CNN-based encoder-decoder architecture is a commonly used image processing method. CNN has excellent feature extraction capability that overcomes the limitations of manual feature extraction. However, many feature extractions can only extract high-level semantic information while ignoring the underlying semantic information, thus not having a good segmentation effect.
In this paper, we propose an efficient segmentation network, DFA-UNet. The module can focus on the image’s main features at the encoder stage and further process them by downsampling. We present the GAMP module, which improves the network feature extraction capability by global average pooling as well as maximum global pooling for the channels.
The network model proposed in this paper consists of the following two main works:
  • A new convolution module, GAMP
In this paper, we propose a new convolutional module, GAMP, which is able to increase the perceptual field of the network without increasing the number of network parameters compared to other convolutional blocks. It enables the network to extract richer semantic information from the images effectively. Compared with other modules, the GAMP module can better capture the features and detailed areas of the input image in the results of image segmentation, and the segmentation is perfect.
2.
Depthwise fusion-attention block
A fused attention mechanism is added to our model.
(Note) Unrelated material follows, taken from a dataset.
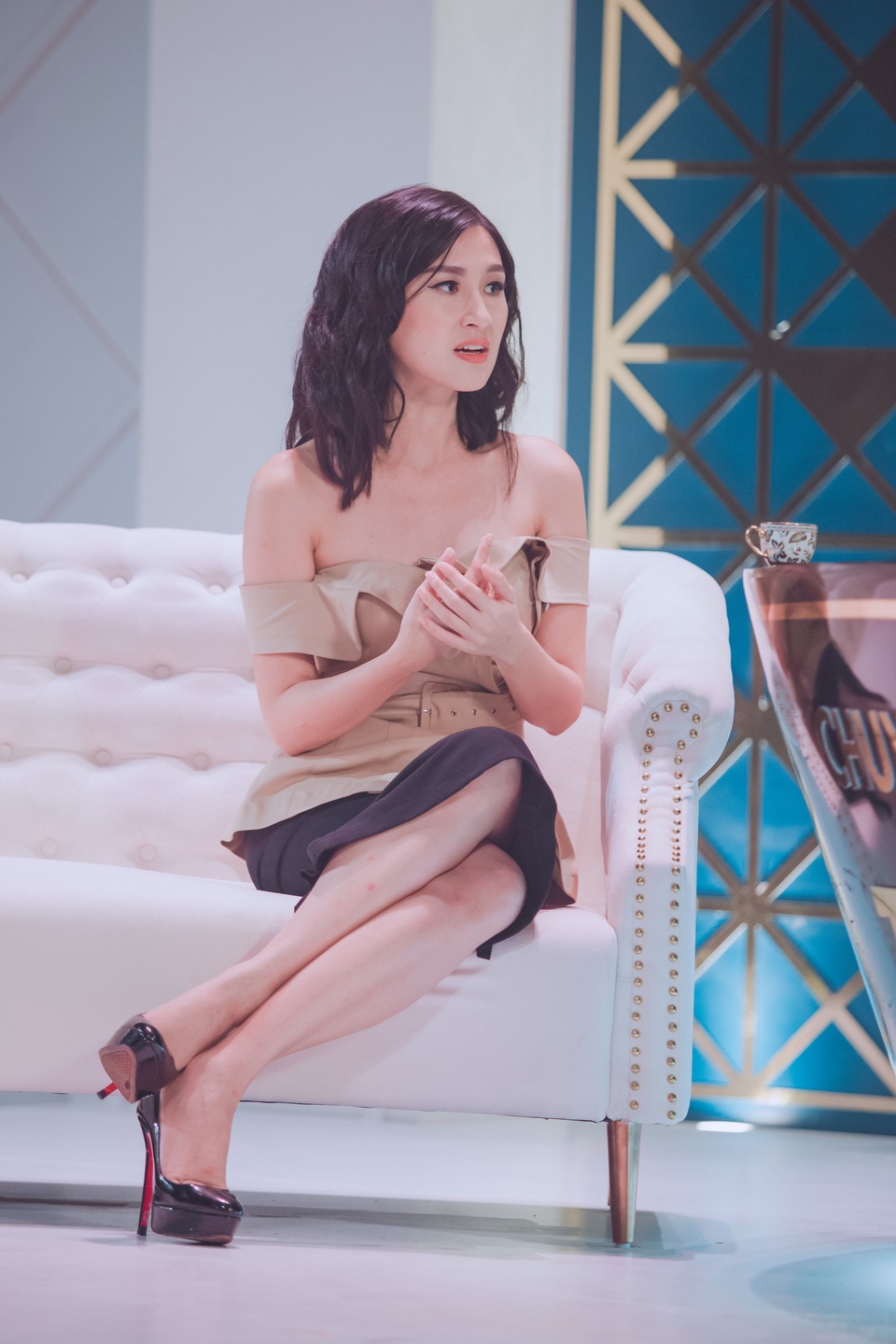 Trải qua nhiều mối tình, Kathy Uyên thú nhận cô đã rút ra cho mình nhiều bài học xương máu. Đó là, dù cho yêu ai, Kathy Uyên luôn dặn lòng là phải luôn biết mình muốn cái gì ở cuộc tình này, mong gì khi gắn bó với người đàn ông này. “Đàn ông nào cũng luôn muốn người phụ nữ của mình hạnh phúc. Và người phụ nữ muốn mình hạnh phúc thì không nên ngồi một chỗ mà hãy tự vẽ ra cho người đàn ông của mình một cái bản đồ và khiến họ làm theo. Nhờ cách này, một nửa của mình sẽ biết họ cần phải làm gì để cả hai cùng hạnh phúc” - Kathy Uyên nhấn mạnh.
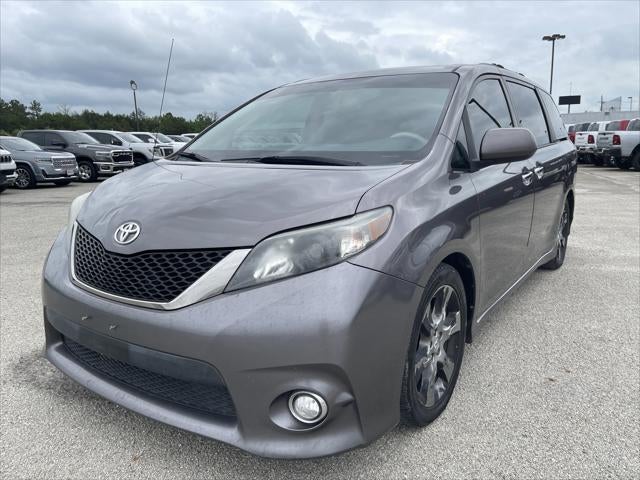 2014 Toyota Sienna SE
By fusing the globally averaged pooling and the globally maximal pooling feature maps, it is possible to output feature maps that include both the spatial information of the input channels and capture the salient semantic information in the inputs.

2. Materials and Methods

2.1. Related Work

2.1.1. Traditional Railroad Segmentation

In recent years, there has been a proliferation of methods for railroad segmentation. Kaleli et al. [1] used the Sobel operator to calculate the gradient of the input image and applied it to the binary image by Hough transform processing to segment the railroad track. Qi et al. [2] used the feature extraction method of HOG to extract image features and used a local area growth-based method to segment the tracks. Teng et al. [3] proposed a visual rail detection using super pixels with dynamic planning to extract the left and right tracks without any calibration process. A feature extraction network with a pyramid structure that was proposed by Wang et al. [4] can increase the detection of railroads without creating a lot of regions, but the network’s processing speed prevents it from being used for real-time railroad detection.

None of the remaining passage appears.